How does ADAS software security differ from traditional automotive IT security?
ADAS software security differs from traditional automotive IT security because the failure mode isn't data theft — it's physical harm at highway speed. A compromised infotainment system might leak contact lists or location history; a compromised ADAS stack that fuses camera, radar, and lidar input to make steering or braking decisions can be tricked into misreading a stop sign, ignoring a pedestrian, or disengaging emergency braking, as researchers have repeatedly demonstrated against production ADAS systems using adversarial stickers, projected images, and sensor spoofing.
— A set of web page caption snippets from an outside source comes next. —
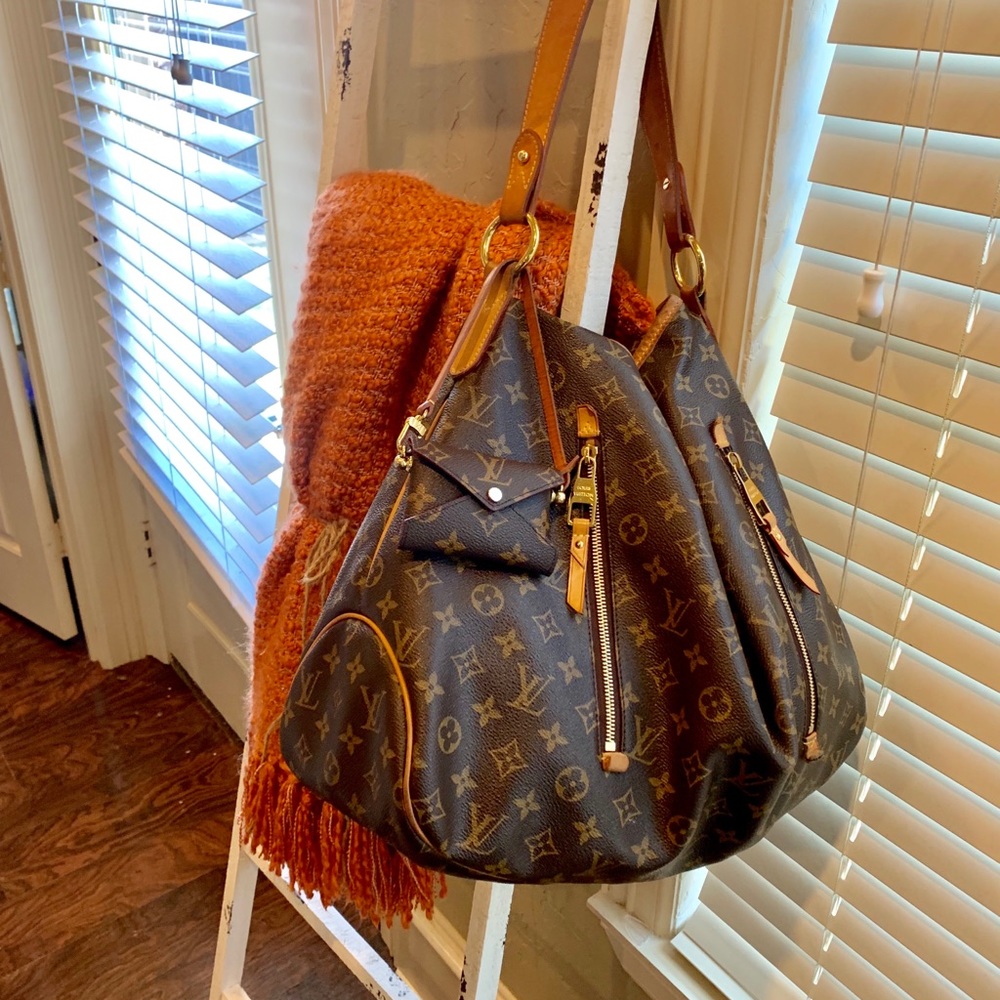 🌈LV Kirigami Pochette as wristlet - Picture 6 of 8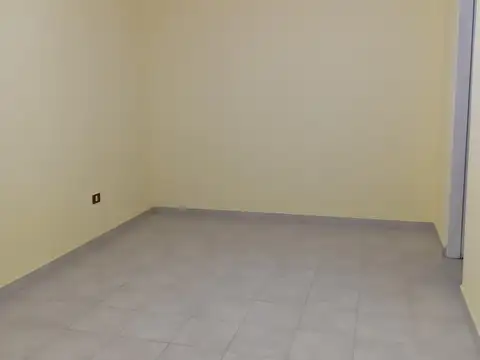Departamento en Alquiler en Presidencia Roque Saenz Peña, $ 380.000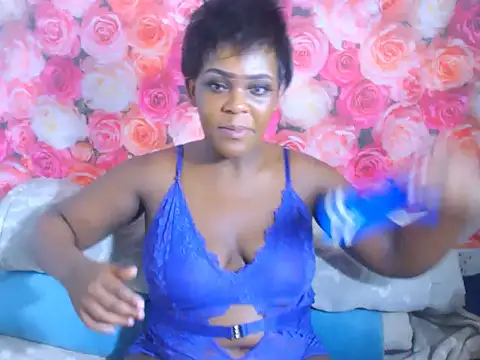 MiniMinaj online show from December 15, 2025, 7:40 pm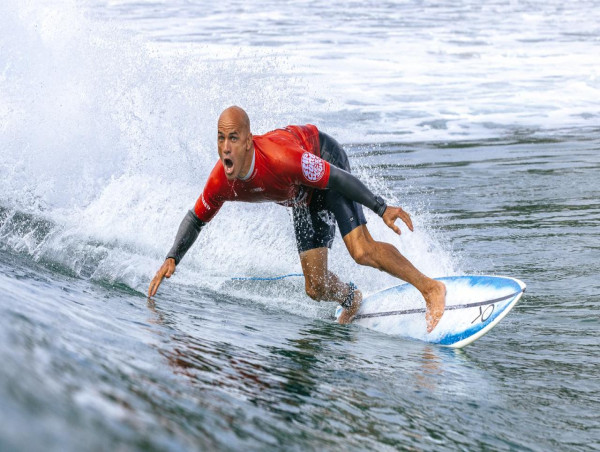  Surfers wait as Margaret River Pro placed on hold 
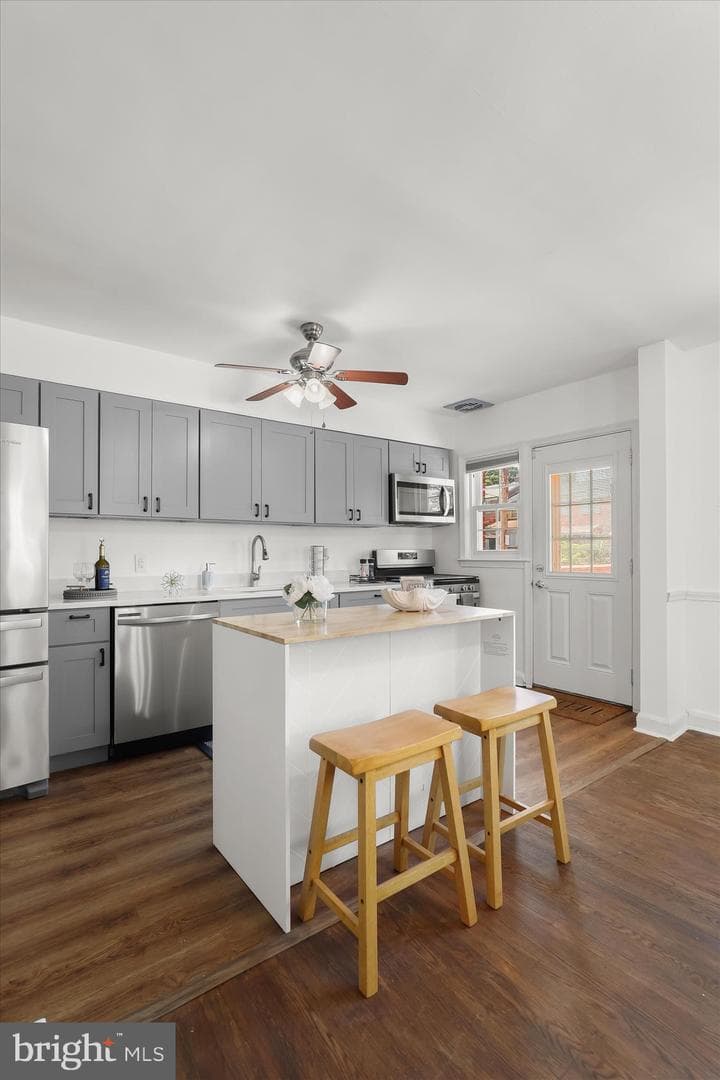 6022 Loch Raven Boulevard photo 17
That safety dimension means ADAS components fall under ISO 26262 functional safety requirements in addition to ISO/SAE 21434 cybersecurity requirements, and a supply chain gap in one directly undermines the other — a vulnerable third-party perception library isn't just a security bug, it's a safety defect. Because ADAS and increasingly autonomous driving stacks update frequently via OTA to improve model accuracy, the software supply chain security question becomes continuous: every model update, every sensor driver patch, and every dependency bump needs the same scrutiny as the original release, not a one-time certification.
How Safeguard Helps
Safeguard was built for exactly this gap between what automotive OEMs and Tier 1 suppliers ship and what they can actually see inside their own software. Rather than treating software supply chain security as a one-time compliance checkbox for WP.29 or ISO/SAE 21434 audits, Safeguard continuously generates and maintains accurate SBOMs across firmware, ADAS stacks, infotainment platforms, and cloud backends — mapping every open-source and third-party component down to the version actually running in a given ECU or vehicle model. When a new CVE drops against a widely used RTOS, TLS library, or sensor-fusion component, Safeguard correlates it against your real fleet inventory instead of a static spreadsheet, so you know within minutes which vehicle programs, supplier packages, and OTA update batches are actually exposed — not just theoretically at risk. For Tier 1 and Tier 2 suppliers, Safeguard provides a consistent way to generate and share machine-readable SBOMs with OEM customers, closing the visibility gap that lets vulnerable dependencies hide inside binaries nobody upstream ever inspected. And because build pipelines and OTA release processes are themselves part of the attack surface, Safeguard extends supply chain integrity checks into CI/CD — verifying provenance and signing at each stage so a compromised build server can't quietly push unauthorized code into a production release. The result is what regulators, insurers, and increasingly customers are starting to expect: a connected vehicle software supply chain security program that can answer "are we affected?" in minutes, not months, and prove it with evidence rather than assurances.